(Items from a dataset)
--- START ---

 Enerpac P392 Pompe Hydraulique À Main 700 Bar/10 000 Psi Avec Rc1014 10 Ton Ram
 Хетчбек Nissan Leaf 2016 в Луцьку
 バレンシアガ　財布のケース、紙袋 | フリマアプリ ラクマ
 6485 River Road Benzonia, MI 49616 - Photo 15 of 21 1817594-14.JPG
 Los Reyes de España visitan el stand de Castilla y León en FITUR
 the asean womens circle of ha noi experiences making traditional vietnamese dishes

--- END ---

**ASSIGNMENT**: Output the line bearing "Los Reyes de" along with all the lines after it through the end of the entries, exactly, and no other lines.

**THE ANSWER**:
 Los Reyes de España visitan el stand de Castilla y León en FITUR
 the asean womens circle of ha noi experiences making traditional vietnamese dishes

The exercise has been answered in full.